In The Nature of Vocabulary Acquisition, Robert J. Sternberg of Yale University made a profound statement: > “… vocabulary is probably the best single indicator of a person’s overall level of intelligence. Stated in another way, if one wants a quick and not-too-dirty measure of a person’s psychometrically measured intelligence, and thus has time to give just one brief test of it, vocabulary is generally the best predictor of overall score on a psychometric IQ test. (p. 90)”
How do age group, education level, natality status, and gender influence vocabulary acquisition? Which of these factors better determine the acquisition of a language?
The source data contains analysis of a multifactor observational study, with response given by subject’s score on a vocabulary test, and factors for age group, education level, natality status, gender and year of the survey. Surveys were conducted by the GSS from 1978 to 2016. Other variables were added to measure consistency in sample composition.

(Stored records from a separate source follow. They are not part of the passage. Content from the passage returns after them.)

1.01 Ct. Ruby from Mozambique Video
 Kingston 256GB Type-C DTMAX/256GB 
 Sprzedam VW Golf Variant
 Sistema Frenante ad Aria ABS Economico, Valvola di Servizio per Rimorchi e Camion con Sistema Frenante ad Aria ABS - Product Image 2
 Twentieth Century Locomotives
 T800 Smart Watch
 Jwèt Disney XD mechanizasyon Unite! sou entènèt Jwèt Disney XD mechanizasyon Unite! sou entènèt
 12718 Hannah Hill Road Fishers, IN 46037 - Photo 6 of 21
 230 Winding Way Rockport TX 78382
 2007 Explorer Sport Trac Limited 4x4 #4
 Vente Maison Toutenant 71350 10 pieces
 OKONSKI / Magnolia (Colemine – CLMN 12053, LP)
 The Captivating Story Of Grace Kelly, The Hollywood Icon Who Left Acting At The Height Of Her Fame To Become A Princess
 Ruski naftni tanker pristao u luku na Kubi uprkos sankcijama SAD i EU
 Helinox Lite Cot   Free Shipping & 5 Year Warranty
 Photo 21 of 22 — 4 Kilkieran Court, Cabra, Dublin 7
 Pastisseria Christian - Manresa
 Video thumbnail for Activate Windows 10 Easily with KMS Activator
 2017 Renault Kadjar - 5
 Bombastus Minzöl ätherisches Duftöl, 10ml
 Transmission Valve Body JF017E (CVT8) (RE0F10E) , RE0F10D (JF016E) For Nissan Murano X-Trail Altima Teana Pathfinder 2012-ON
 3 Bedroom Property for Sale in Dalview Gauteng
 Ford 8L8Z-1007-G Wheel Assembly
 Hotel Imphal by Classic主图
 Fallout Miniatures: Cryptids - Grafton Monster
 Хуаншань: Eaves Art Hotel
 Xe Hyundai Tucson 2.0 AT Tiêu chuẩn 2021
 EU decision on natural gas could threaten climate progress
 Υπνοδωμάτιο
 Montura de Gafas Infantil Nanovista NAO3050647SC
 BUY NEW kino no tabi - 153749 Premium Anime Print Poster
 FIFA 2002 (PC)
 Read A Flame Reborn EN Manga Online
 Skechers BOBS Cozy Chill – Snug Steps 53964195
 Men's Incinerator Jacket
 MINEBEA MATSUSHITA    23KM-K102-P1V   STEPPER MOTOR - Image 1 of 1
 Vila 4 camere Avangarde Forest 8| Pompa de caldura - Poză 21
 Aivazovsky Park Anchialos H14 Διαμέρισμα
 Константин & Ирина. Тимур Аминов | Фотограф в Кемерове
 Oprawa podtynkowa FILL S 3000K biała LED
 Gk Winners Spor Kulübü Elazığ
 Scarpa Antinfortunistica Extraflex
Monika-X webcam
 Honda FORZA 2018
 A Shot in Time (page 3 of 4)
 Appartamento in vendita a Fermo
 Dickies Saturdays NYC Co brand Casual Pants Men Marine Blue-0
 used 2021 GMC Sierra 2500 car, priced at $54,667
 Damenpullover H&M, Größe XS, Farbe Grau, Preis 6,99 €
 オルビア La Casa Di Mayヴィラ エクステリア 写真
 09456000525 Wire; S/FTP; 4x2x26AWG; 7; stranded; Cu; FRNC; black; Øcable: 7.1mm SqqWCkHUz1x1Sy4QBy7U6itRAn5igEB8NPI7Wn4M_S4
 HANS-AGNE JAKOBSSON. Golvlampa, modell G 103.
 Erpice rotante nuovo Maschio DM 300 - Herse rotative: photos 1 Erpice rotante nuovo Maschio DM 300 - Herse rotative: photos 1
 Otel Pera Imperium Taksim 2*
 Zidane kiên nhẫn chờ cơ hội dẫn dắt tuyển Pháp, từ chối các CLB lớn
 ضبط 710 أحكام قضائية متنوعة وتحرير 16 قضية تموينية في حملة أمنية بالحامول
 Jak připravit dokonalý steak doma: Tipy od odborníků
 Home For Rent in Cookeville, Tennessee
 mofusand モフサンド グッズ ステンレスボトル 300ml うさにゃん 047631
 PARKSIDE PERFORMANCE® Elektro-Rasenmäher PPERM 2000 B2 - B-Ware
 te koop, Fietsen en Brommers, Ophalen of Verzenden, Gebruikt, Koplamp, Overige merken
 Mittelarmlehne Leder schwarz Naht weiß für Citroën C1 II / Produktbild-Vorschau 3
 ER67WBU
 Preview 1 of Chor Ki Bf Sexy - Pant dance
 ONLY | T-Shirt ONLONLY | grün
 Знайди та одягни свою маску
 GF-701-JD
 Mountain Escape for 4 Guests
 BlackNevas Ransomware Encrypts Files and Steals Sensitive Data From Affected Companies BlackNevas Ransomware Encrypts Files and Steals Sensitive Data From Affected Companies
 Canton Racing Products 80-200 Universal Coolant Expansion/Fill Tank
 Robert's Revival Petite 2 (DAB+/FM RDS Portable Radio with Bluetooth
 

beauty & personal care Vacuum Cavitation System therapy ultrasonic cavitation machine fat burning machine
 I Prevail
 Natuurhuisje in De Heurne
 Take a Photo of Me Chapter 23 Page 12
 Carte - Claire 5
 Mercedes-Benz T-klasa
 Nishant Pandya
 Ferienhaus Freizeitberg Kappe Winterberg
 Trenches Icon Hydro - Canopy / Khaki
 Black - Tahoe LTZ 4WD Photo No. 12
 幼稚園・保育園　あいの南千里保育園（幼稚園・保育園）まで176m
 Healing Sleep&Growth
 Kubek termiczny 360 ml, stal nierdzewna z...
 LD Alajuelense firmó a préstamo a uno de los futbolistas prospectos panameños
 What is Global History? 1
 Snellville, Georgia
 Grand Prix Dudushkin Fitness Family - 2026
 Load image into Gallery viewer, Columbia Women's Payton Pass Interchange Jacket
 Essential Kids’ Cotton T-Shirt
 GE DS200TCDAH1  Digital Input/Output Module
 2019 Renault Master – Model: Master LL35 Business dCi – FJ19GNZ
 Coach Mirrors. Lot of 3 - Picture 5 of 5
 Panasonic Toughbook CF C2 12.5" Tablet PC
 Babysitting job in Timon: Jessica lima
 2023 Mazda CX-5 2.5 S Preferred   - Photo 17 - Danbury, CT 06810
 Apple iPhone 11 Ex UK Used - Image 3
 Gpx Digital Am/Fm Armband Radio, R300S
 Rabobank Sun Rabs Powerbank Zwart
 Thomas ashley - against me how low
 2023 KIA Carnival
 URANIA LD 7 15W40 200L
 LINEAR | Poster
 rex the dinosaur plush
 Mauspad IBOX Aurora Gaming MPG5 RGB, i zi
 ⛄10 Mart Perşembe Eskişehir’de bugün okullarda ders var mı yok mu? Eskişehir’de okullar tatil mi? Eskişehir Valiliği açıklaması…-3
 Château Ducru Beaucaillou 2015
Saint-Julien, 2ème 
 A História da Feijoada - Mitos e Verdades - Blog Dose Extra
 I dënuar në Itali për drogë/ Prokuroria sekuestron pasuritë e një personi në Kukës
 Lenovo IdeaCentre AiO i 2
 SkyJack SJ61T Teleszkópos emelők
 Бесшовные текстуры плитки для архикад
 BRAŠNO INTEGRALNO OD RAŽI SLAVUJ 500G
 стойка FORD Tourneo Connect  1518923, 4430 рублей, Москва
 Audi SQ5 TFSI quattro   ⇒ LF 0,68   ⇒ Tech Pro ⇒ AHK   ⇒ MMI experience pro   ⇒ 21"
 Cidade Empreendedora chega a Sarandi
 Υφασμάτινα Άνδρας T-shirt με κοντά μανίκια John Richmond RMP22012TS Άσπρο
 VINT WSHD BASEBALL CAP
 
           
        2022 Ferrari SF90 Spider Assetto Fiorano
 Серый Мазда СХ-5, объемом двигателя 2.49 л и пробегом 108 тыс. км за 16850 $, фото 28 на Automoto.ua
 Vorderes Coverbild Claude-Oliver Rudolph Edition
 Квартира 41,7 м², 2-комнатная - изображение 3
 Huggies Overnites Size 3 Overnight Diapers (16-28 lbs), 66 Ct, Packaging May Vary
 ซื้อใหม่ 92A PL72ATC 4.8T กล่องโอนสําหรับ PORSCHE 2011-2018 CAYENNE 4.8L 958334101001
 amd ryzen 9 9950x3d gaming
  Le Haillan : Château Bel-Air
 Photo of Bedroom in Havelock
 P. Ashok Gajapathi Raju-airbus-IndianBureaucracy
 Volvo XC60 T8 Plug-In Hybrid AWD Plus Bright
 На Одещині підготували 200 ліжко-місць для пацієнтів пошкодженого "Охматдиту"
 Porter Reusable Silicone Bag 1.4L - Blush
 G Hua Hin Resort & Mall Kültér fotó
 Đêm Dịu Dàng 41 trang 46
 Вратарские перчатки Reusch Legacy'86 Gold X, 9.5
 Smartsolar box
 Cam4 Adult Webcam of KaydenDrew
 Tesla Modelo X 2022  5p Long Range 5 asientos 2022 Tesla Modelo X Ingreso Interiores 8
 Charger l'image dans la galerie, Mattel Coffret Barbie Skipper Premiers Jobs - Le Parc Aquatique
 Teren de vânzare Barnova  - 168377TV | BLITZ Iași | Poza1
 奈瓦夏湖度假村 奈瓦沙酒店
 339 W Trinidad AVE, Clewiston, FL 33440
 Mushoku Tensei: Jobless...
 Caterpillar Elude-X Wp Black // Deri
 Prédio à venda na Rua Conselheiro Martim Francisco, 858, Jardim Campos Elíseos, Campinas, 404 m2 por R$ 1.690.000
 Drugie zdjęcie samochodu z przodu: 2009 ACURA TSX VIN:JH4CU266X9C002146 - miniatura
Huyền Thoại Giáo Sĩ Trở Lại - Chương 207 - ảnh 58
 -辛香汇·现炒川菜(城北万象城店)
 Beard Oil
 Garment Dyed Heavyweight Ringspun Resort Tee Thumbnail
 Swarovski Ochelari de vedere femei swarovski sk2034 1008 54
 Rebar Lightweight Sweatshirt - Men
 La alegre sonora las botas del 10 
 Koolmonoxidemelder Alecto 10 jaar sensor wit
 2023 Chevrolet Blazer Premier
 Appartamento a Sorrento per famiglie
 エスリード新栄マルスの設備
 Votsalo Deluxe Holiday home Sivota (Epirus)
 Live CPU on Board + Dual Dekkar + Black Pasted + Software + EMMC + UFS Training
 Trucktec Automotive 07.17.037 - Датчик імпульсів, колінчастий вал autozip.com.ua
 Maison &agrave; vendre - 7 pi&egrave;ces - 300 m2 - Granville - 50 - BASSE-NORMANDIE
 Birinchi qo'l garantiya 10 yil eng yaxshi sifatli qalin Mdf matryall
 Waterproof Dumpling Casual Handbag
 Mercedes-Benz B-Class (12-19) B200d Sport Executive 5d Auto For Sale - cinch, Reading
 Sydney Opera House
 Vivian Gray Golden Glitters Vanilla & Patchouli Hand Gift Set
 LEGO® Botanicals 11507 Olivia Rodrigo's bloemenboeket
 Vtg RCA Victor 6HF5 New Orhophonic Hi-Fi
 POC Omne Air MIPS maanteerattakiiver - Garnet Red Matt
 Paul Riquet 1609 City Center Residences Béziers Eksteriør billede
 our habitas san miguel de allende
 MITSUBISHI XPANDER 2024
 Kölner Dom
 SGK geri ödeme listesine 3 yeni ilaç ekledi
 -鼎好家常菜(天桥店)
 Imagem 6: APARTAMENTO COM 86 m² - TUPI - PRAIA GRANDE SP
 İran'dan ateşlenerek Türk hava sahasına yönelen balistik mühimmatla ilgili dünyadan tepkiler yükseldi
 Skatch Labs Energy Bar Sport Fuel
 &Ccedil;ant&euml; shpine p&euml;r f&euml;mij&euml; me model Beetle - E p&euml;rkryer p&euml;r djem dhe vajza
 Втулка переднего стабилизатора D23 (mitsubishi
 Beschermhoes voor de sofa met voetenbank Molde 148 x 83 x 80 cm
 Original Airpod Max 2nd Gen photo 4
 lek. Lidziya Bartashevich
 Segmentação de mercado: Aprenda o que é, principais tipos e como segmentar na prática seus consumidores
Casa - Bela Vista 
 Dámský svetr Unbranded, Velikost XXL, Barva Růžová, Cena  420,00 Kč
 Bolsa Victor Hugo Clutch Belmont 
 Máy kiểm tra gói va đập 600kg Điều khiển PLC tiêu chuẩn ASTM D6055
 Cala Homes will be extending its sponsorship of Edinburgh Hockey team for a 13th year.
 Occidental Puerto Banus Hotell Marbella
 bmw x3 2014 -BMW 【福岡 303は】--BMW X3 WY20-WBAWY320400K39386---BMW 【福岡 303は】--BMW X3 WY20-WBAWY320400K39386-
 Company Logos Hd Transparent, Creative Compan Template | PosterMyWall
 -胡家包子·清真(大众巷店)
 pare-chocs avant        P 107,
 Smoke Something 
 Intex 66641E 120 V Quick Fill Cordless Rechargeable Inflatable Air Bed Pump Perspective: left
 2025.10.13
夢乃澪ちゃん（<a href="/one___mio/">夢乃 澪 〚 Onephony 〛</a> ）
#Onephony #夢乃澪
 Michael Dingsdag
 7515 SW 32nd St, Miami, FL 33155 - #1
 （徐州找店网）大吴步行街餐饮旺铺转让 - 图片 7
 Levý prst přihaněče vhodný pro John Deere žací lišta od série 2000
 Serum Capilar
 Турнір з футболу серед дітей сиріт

Source Data from the General Social Survey (GSS) from the National Opinion Research Center of the University of Chicago. Selected From: http://vincentarelbundock.github.io/Rdatasets/
rm(list=ls())
suppressWarnings(library(magrittr))
suppressWarnings(library(dplyr))
##
## Attaching package: 'dplyr'
## The following objects are masked from 'package:stats':
##
## filter, lag
## The following objects are masked from 'package:base':
##
## intersect, setdiff, setequal, union
theURL <- "https://raw.githubusercontent.com/georg4re/LearningR/master/GSSvocab.csv"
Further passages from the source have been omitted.